By Mikayla van Loon
For more than half a century the Ringwood Highland Games has brought a celebration of Scottish and Celtic culture to the eastern suburbs of Melbourne.
Thousands of Melburnians, young and old, have been entertained during the Melbourne autumns since 1965.
Now as the only metropolitan Highland games left in Victoria, the Ringwood Highland Games has rebranded as the Melbourne Highland Games & Celtic Festival.
“Where the change of name really got driven from is, as a result of Covid we put on the first virtual highland games in the world. We ended up running two because our [normal] games couldn’t go ahead and we sort of felt for the community that they were doing it hard,” Melbourne Highland Games secretary Alistair McInnes said.
“A lot of our community are migrants and people from a Celtic background and people from Scotland, Ireland, Canada, America were all tuning in and they were saying to us ‘where is Ringwood?’”

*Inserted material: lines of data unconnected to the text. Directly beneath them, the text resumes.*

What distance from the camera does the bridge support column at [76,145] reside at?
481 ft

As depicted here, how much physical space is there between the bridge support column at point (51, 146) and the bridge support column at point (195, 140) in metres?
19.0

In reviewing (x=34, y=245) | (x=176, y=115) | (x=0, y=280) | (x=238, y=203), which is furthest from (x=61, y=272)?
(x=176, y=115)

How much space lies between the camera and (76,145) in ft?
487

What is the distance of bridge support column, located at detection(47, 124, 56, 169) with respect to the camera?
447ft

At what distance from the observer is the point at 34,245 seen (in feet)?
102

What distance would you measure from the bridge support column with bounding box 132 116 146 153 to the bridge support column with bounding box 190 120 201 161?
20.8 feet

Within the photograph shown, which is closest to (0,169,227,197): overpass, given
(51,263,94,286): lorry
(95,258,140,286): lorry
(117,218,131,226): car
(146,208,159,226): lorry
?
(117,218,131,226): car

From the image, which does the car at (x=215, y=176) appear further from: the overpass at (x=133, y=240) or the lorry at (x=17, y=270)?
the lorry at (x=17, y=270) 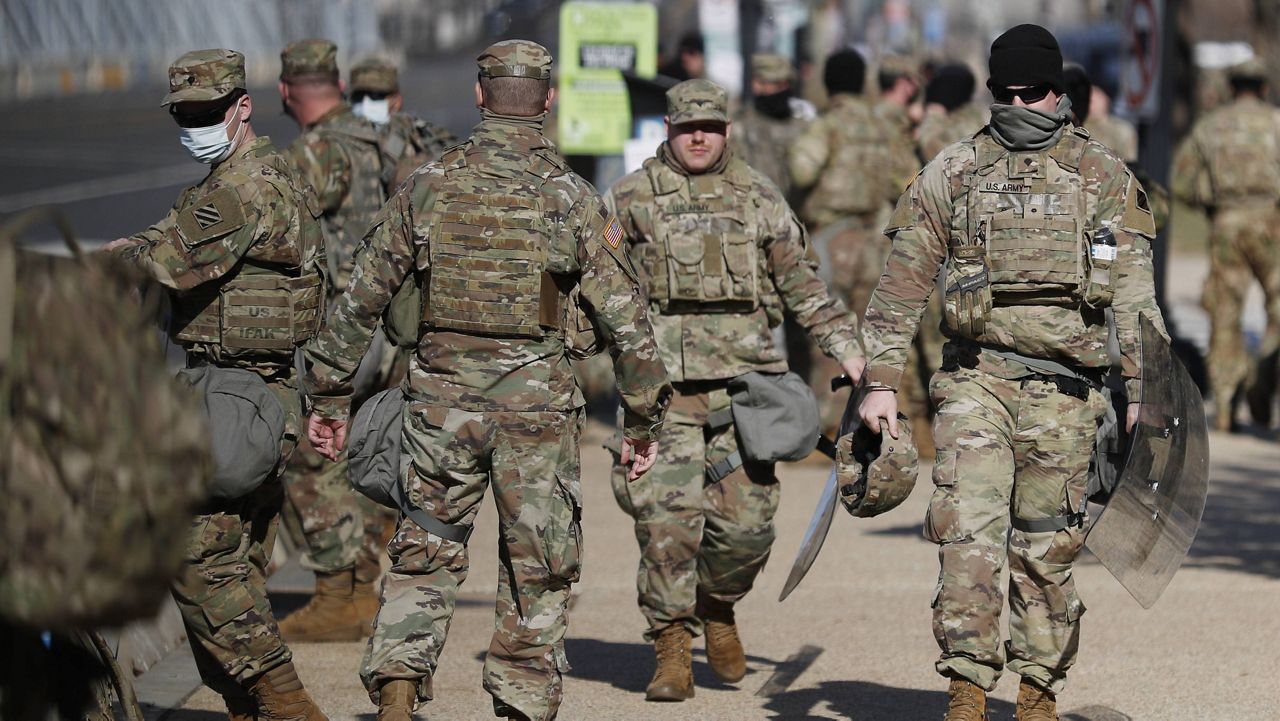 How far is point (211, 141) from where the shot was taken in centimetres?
620

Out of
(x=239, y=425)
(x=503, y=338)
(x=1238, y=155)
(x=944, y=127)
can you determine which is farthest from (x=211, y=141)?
(x=1238, y=155)

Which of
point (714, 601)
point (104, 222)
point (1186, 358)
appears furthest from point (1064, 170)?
point (104, 222)

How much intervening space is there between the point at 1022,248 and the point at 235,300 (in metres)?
2.41

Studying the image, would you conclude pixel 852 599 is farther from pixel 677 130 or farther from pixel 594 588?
pixel 677 130

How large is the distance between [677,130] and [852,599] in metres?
2.59

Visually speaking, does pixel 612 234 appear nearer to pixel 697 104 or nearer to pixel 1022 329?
pixel 1022 329

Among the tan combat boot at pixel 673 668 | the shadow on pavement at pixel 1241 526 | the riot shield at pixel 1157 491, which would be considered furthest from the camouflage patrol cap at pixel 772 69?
the riot shield at pixel 1157 491

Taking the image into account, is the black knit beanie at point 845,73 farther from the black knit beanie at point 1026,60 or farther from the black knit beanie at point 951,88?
the black knit beanie at point 1026,60

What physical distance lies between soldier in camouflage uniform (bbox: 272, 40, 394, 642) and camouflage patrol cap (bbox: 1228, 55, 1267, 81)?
7.58 m

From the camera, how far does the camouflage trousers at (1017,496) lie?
6.00 metres

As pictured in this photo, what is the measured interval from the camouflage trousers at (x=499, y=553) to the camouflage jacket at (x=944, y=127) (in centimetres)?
666

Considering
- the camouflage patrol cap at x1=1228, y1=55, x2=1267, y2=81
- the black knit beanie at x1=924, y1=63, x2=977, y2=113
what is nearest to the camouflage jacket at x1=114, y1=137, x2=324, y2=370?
the black knit beanie at x1=924, y1=63, x2=977, y2=113

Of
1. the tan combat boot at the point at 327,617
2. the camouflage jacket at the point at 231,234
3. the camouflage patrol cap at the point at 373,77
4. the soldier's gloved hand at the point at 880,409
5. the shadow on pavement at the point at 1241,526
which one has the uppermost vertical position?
the camouflage jacket at the point at 231,234

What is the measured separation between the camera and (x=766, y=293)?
750cm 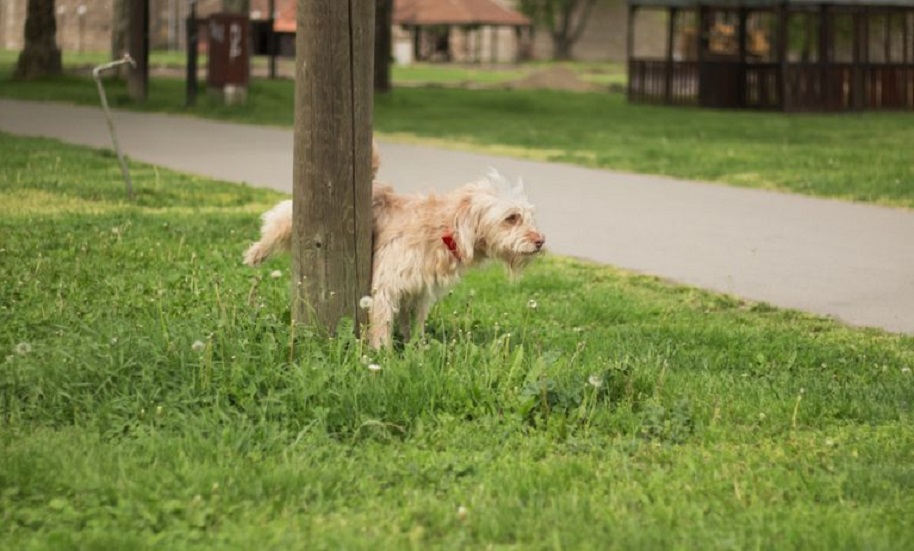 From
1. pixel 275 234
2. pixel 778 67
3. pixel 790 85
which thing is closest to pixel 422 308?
pixel 275 234

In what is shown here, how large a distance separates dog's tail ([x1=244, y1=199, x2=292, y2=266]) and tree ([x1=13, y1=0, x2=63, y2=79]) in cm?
3063

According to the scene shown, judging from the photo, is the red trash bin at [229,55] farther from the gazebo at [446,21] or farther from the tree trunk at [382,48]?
the gazebo at [446,21]

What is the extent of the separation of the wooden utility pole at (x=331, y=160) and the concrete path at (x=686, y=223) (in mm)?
2657

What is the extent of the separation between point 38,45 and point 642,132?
17439mm

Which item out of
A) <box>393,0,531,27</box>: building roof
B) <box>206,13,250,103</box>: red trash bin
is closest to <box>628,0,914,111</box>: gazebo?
<box>206,13,250,103</box>: red trash bin

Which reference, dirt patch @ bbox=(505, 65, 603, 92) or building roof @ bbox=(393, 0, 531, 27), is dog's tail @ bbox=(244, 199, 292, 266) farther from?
building roof @ bbox=(393, 0, 531, 27)

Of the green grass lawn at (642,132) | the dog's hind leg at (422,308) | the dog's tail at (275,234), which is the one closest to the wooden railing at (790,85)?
the green grass lawn at (642,132)

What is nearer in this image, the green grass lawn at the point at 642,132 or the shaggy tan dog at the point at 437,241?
the shaggy tan dog at the point at 437,241

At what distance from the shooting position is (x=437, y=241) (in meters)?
7.25

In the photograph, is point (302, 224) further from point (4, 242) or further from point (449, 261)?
point (4, 242)

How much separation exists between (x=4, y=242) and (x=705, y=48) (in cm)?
2449

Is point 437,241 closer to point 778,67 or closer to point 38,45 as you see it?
point 778,67

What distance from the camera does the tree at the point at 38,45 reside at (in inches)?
1462

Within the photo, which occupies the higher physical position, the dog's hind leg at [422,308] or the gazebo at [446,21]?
the gazebo at [446,21] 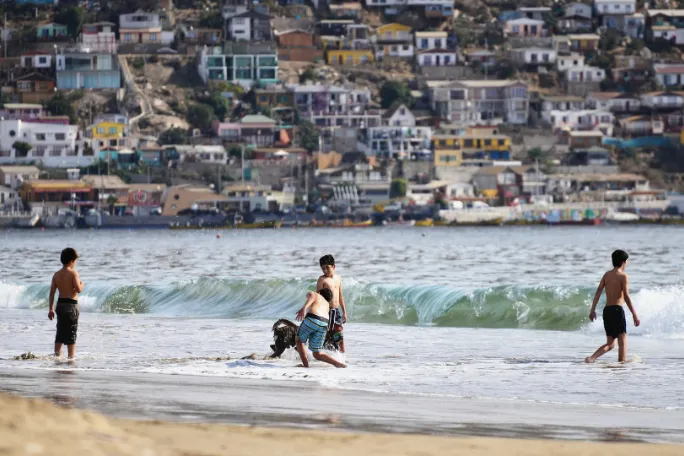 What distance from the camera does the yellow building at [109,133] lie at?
154 metres

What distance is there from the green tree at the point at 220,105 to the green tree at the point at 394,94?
52.9ft

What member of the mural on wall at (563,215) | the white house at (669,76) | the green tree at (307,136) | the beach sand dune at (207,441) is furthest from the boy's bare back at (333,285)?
the white house at (669,76)

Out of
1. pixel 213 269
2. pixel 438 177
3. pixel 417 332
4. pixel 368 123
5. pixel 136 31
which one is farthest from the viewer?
pixel 136 31

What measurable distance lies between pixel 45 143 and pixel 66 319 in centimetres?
13827

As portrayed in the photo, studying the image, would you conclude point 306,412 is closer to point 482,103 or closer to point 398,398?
point 398,398

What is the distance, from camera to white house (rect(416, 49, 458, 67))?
591ft

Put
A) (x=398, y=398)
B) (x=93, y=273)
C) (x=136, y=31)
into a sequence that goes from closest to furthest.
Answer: (x=398, y=398)
(x=93, y=273)
(x=136, y=31)

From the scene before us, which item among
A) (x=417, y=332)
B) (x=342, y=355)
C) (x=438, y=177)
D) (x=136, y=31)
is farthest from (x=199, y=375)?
(x=136, y=31)

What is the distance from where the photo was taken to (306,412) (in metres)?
13.8

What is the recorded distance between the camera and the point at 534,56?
7096 inches

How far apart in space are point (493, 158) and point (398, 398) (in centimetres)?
14264

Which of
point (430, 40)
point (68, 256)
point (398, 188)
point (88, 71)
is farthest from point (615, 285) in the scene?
point (430, 40)

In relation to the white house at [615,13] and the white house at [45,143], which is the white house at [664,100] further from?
the white house at [45,143]

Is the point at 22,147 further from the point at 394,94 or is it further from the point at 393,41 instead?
the point at 393,41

Having not held the games since March 2019, they are planned to go ahead on 3 October at Eastfield Park in Croydon, making it the 56th year since first staging the event in the eastern suburbs.
“If we go ahead in October, we will be the first Highland games in Victoria to have gone ahead in nearly two years,” Mr McInnes said.
“We are really looking forward to putting on a spectacular event for our Victorian community that has been so strong but doing it hard during the pandemic.”
Close to 80 per cent of people who attend the games come from outside the Maroondah Council area, drawing people mainly from the Yarra Ranges and Yarra Valley, Box Hill and Blackburn.
As the only Celtic festival of its kind in the area, anywhere up to 3000 people usually attend the event and after hosting the virtual games, Mr McInnes is hopeful this year may draw a younger crowd, as well as more women.
“One of the things that is a bit groundbreaking and we were going to have it last year but it got called off, we’re actually going to have women competing in what we call the heavy games.”
“We’ve actually spent a couple of years developing these young women to give them the opportunity to practice with the equipment because you can’t just walk into the local athletics club and say ‘can I use the caber please’ because they won’t have one.”
Traditionally, the heavy games started as a competition between men vowing to protect the local Lord in the shires of Scotland, which has since morphed into showcasing athletic prowess.
As time has gone on, the traditions of Highland and Celtic populations have slowly become harder to keep alive, with an aging demography and a lack of ideal event space.
“A lot of the highland games blossomed from the immigration from the United Kingdom and that was sort of in the ‘50s and ‘60s and a lot of the people that started them and were running them, they have moved on or died.”
But with one in five people in the eastern suburbs, particularly areas like Croydon and Lilydale, having Celtic heritage, Mr McInnes said it makes sense to keep the traditions going.
“That’s why we think it is important that we still celebrate it because a lot of people have got that connection,” he said.
Experience the wonders of pipe bands, traditional dancing, Scottish and Celtic delicacies and traders selling Celtic jewellery and clothing for the first time or for the 56th time.